**WHAT THIS TASK INVOLVES**.
Drop the pictures and extract exactly the lines from the one that contains "this 300×250 image." through the end of the material.

....

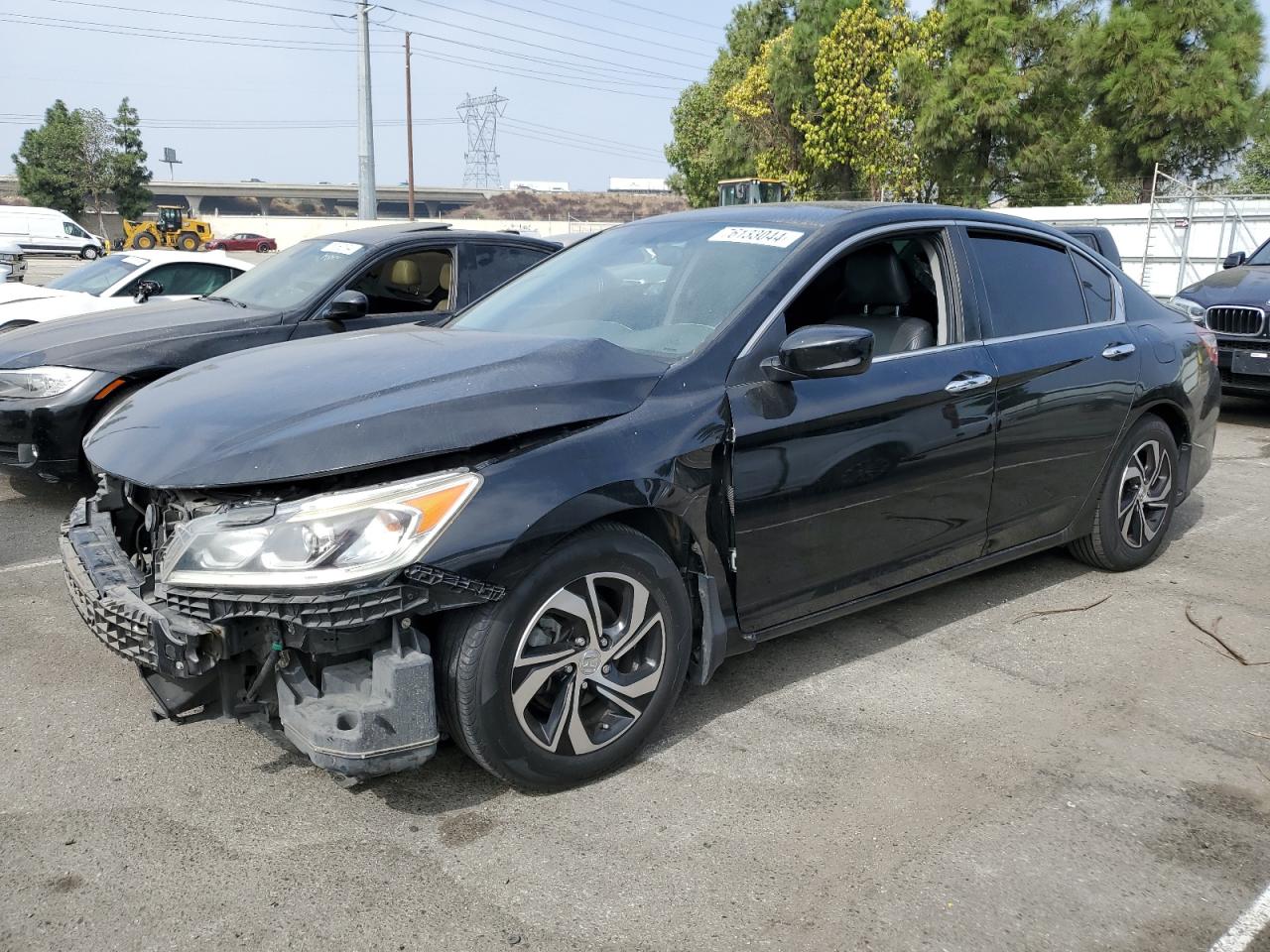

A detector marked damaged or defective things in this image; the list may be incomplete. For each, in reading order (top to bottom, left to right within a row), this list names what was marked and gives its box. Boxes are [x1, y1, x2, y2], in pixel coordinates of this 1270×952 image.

broken front end [61, 474, 495, 776]
damaged black honda accord [62, 206, 1218, 791]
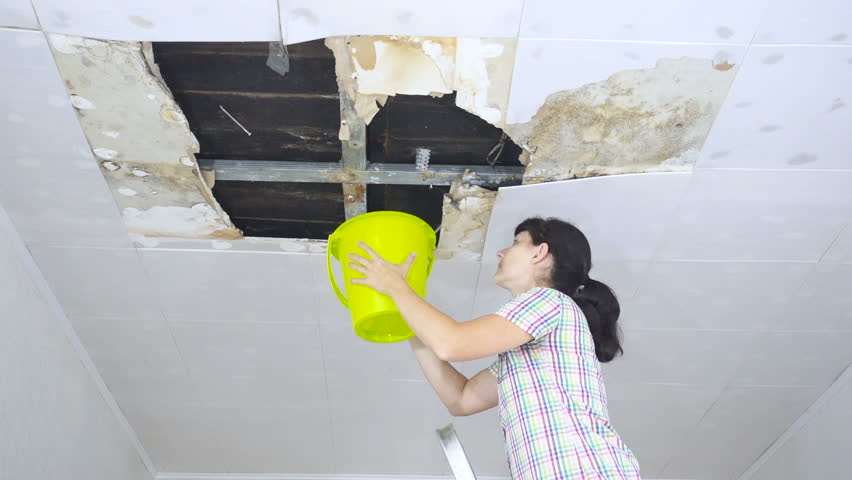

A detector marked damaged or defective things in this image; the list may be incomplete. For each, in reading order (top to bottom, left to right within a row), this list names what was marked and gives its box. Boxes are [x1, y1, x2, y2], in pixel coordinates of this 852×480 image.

damaged ceiling tile [46, 32, 241, 239]
damaged ceiling tile [330, 35, 516, 128]
damaged ceiling tile [506, 56, 740, 184]
damaged ceiling tile [436, 176, 496, 260]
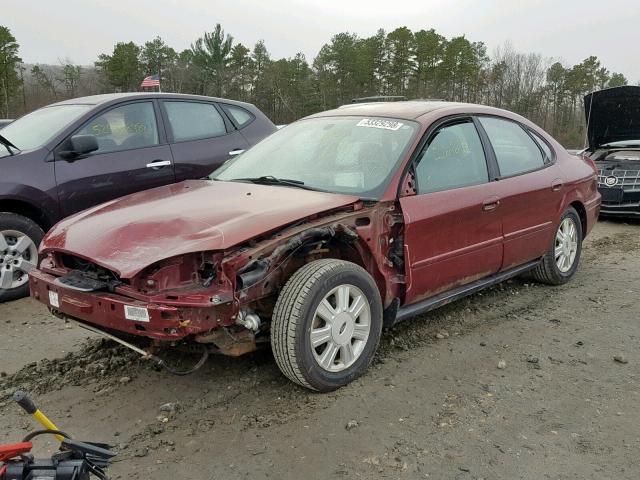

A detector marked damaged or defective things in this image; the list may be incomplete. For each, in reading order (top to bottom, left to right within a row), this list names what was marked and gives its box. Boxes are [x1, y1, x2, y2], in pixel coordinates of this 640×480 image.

crumpled hood [584, 86, 640, 149]
crumpled hood [40, 180, 360, 278]
damaged maroon sedan [28, 101, 600, 390]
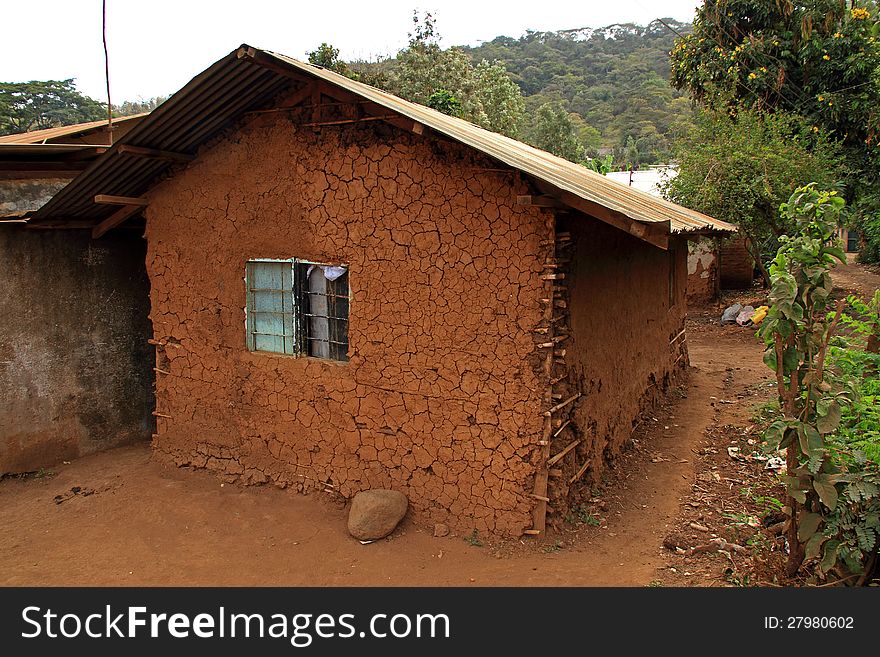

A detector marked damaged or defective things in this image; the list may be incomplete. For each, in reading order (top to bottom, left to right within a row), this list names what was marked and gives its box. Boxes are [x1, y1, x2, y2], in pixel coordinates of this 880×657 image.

cracked mud wall [0, 226, 155, 472]
cracked mud wall [148, 111, 552, 532]
cracked mud wall [560, 218, 692, 494]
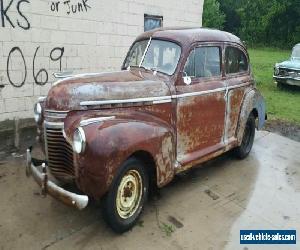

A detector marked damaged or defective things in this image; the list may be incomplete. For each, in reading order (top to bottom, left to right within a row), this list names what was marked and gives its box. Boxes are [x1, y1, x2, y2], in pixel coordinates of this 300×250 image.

corroded bumper [26, 147, 88, 210]
rusty vintage car [25, 28, 264, 233]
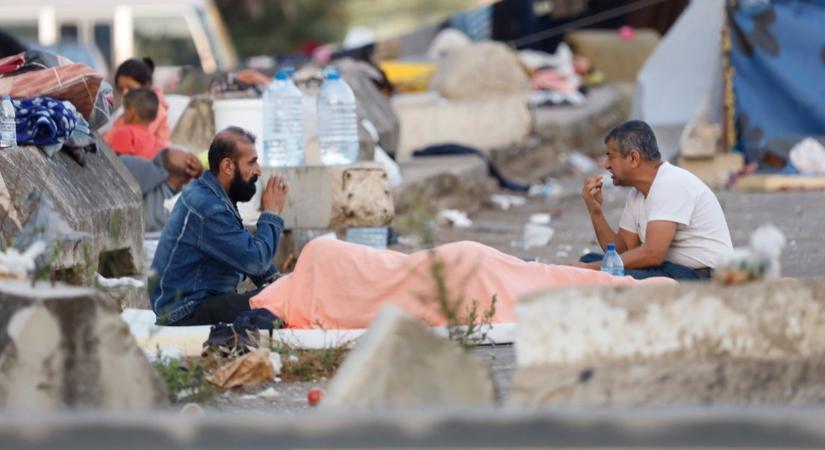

....

**RESULT BELOW**.
A detector marked damaged or defective things in this image; the list may be incomplete. For each, in reading order (top to bottom, left to right within a row), this list names what was marked and gives its box. Boxes are [x1, y1, x2, y2], in pixel coordinates of this 300×250 image.

corroded bumper [26, 147, 88, 210]
rusty vintage car [25, 28, 264, 233]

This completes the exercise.